*** Opening of Material for this task ***

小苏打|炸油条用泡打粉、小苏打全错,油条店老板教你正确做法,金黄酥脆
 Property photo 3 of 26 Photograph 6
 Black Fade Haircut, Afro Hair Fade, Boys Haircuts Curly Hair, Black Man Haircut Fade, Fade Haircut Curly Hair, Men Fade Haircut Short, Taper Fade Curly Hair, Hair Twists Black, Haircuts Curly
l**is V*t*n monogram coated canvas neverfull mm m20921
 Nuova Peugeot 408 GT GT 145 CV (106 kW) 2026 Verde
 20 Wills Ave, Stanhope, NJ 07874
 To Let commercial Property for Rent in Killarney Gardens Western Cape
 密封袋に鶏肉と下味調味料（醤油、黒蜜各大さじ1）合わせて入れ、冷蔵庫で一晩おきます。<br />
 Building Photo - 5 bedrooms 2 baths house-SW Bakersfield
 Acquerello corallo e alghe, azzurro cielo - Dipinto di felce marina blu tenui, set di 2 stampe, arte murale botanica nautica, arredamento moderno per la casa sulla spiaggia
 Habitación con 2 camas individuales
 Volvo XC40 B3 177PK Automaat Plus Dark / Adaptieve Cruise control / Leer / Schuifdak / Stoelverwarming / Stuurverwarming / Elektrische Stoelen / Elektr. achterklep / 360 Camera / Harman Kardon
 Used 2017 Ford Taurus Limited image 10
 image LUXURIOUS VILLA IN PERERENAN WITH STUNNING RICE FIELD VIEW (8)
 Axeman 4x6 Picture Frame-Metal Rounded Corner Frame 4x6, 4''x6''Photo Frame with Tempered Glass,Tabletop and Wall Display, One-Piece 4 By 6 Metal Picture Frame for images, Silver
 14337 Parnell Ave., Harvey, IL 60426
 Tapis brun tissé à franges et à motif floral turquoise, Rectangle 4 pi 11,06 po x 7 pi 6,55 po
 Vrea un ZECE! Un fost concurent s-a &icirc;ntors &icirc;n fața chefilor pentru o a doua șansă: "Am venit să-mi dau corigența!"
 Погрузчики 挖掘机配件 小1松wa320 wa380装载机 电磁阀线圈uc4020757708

*** Close of Material for this task ***

• **Requirement**:
If a line of the data contains "Property", copy it out.

• **Result**:
 Property photo 3 of 26 Photograph 6
 To Let commercial Property for Rent in Killarney Gardens Western Cape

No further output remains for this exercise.